I am going to update the second record. After I click Edit next to record number 2, I notice that I previously misspelled "District of Columbia" as "Distric of Columbia," and I definitely want to change this.
Figure 12. Editing a record
After correcting my misspelling, I simply click DONE-UPDATE LOCATION, and my location data is saved in my staging area. It's that simple.
Did you notice the Move Location link below the thumbnail map of your location? This is yet another way to access the interactive movement feature I mentioned earlier, a feature that I will cover very soon.
Deleting an Existing Location
On occasion, you might find that you want to remove a location from your MapQuest-hosted location table. The simplest way to do this is to locate the record, and then simply delete it using the Delete option in Data Manager.
To delete a location you must first find it using the same method explained earlier, in the "Editing an Existing Location" section. First, click Edit Locations to display the Find Locations page. Enter enough information to find the location record you want to delete, and then click Find Locations. In my case, I am going to delete a record I added earlier in this article, the "International Spy Museum."
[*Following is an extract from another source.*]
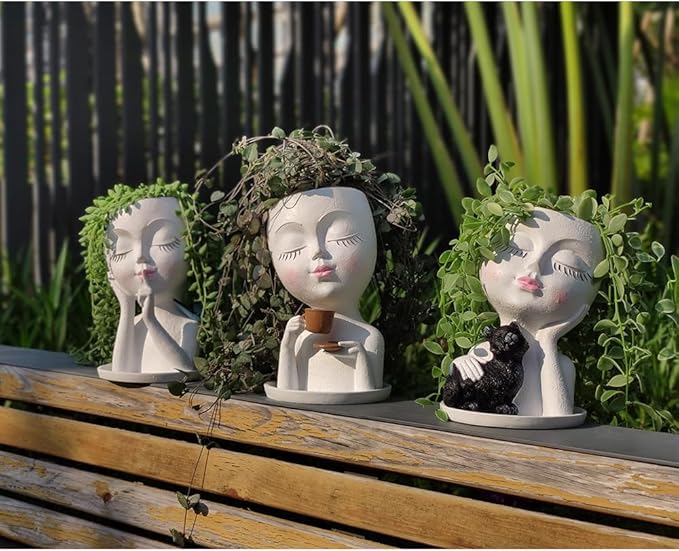 Face Planter Pots, Resin Face Planter for Indoo/Outdoor Plants,Head Planter with Drainage Hole/Removable Saucer (Coffee, White)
Because there are only three records in my staging table, I am simply going to click Find Locations without typing any search criteria. The result is that all of my locations are displayed.
Figure 13. Displaying all locations
Now all I have to do is click the Delete icon in the row corresponding to record number 3, the "International Spy Museum" record I added earlier. When I do this, Data Manager displays a warning page, asking me to verify that I really want to delete the record.
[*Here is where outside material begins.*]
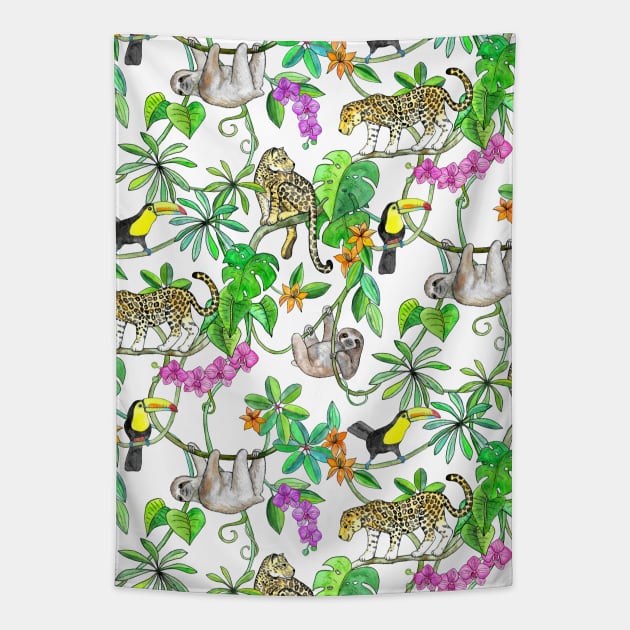 Rainforest Friends - watercolor animals on mint green Tapestry by micklyn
Figure 14. Verifying record deletion
Because I really do want to delete this record, I click YES, which immediately removes it from my staging database. When the record is deleted, Data Manager confirms the deletion and then asks whether I want to return to my list of locations or push my changes to production. Although I have now deleted the record I added earlier, I am going to go ahead and push my staging database to production, because I also corrected a misspelling in another record.
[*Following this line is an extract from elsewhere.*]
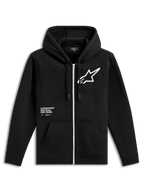 Alpinestars Transverse Hoodie, czarna bluza z polaru zapinana na zamek, biały suwak, duże białe logo Astars na piersi, grafika z napisem „One Goal, One Vision”, kaptur ze sznurkiem, prążkowane mankiety, codzienna odzież streetwearowa w stylu motorsport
Moving an Existing Location
Now let me show you the coolest feature that Data Manager offers for data maintenance. No matter how you get here, the Move Location page is a great way to visually refine an already geocoded location. In my example, below, I click Edit Locations on the menu, click Find Locations to display all my locations (all two of them!), and then click the Move icon beside my record with the ID "0000000020," which happens to be the Civil War statue.
Figure 15. Moving a location
The page that Data Manager displays includes a map of the location based on the current geocoding, along with two options: Enter a latitude and longitude or Re-geocode with MapQuest. Before I explain these two options, however, I want to show you just how cool this page really is.
In many cases the location you want to enter does not lie at a specific house number on a street, or at a street intersection. In these cases you might think you either need to know the exact latitude and longitude (Lat/Lng) of the location, or need to settle for a street address that is only close to the real destination. This is not the case at all.
Data Manager's Move Location provides an interactive means of more accurately identifying where your location really lies on the map. In the case of the Civil War statue that I selected earlier, the street address does not quite accurately represent where the statue is physically located, so I will use the map itself to better locate it.
The first thing I do is zoom in as closely as possible using the zoom control on the right of the map; this will give me the best chance to identify the true location of the statue. The next thing I do is click the map in the general area of where I know the statue to be. Realize that the best you can hope to do here is improve the placement of your location on the map--you probably won't get it exactly perfect. You would need to know the Lat/Lng for the location to get it perfect.
My updated location is displayed in Figure 16.
Figure 16. Updated location
Now it is your turn! Click one of the locations that you entered and then click the map to move around the icon.
It might take you a few iterations of clicking the map and seeing where the little blue star moves before you get it just the way you want it. When you have the star in the correct location, simply click UPDATE LOCATION. Note that even though an updated Lat/Lng has now been stored for your location, your street address information will not be updated because you have effectively circumvented this information by directly placing your location on the map.
What happens if you mess up the location really badly and want to move that little blue star back to where you started? Simply click Re-geocode with MapQuest. This geocodes the location according to the street address information currently stored for this location. In other words, it takes you back to where you started--no harm done.
The other option on the Move Location page is specifically for those of you who happen to know the exact Lat/Lng of your location. If you click this option, a dialog box is displayed, in which you can enter the Lat/Lng of your location.
Figure 17. Entering latitude and longitude
Incremental Batch Files
Before leaving Data Manager I want to cover one last topic--incremental batch files.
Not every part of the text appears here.